Giurisprudenza: non può rientrare tra le fonti istituzionale del diritto in quanto nel nostro sistema giuridico non vige il principio della vincolatività del precedente giurisprudenziale. Il principio di legalità esclude piuttosto che il giudice possa giudicare sulla base di regole espresse precedentemente da altri giudici nelle loro sentenze. Se la giurisprudenza fosse da considerare fonte del diritto lo sarebbe solo nel caso concreto.

Autonomia negoziale: un valore normativo viene a volte riconosciuto anche al contratto e in particolare al negozio giuridico. L’art. 1322 riconosce ai privati l’autonomia contrattuale: il potere di determinare liberamente il contenuto economico e normativo del contratto. L’opinione secondo cui il contratto sarebbe fonte di diritto risulta rafforzata dall’art. 1372 che recita “il contratto ha forza di legge tra le parti”, tuttavia, ciò è da intendersi in maniera del tutto particolare se non impropria in quanto relativo solo alle persone cui la sentenza o il contratto si riferiscono. Le fonti del diritto in senso stretto sono dunque solo quelle che esprimono regole astratte ed ipotetiche.

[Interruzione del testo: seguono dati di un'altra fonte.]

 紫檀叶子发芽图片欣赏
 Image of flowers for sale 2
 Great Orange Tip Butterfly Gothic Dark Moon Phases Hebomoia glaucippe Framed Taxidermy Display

Contrattazione collettiva: l’art. 39 comma 4 Costituzione prevede la stipulazione dei contratti collettivi aventi efficacia generale per tutti gli appartenenti alla categoria sempre che il contratto sia stipulato da un sindacato registrato. La legge che dovrebbe disciplinare la registrazione però non è mai stata emanata, pertanto, i contratti collettivi non dovrebbero avere efficacia generale. Tuttavia, la giurisprudenza finisce per applicare quei contratti collettivi legittimandosi attraverso l’art. 36 comma 1 Costituzione che garantisce ad ogni lavoratore una retribuzione appropriata alla quantità e qualità del suo lavoro. Pertanto il contratto collettivo potrebbe collocarsi in una posizione intermedia tra fonti istituzionali e private.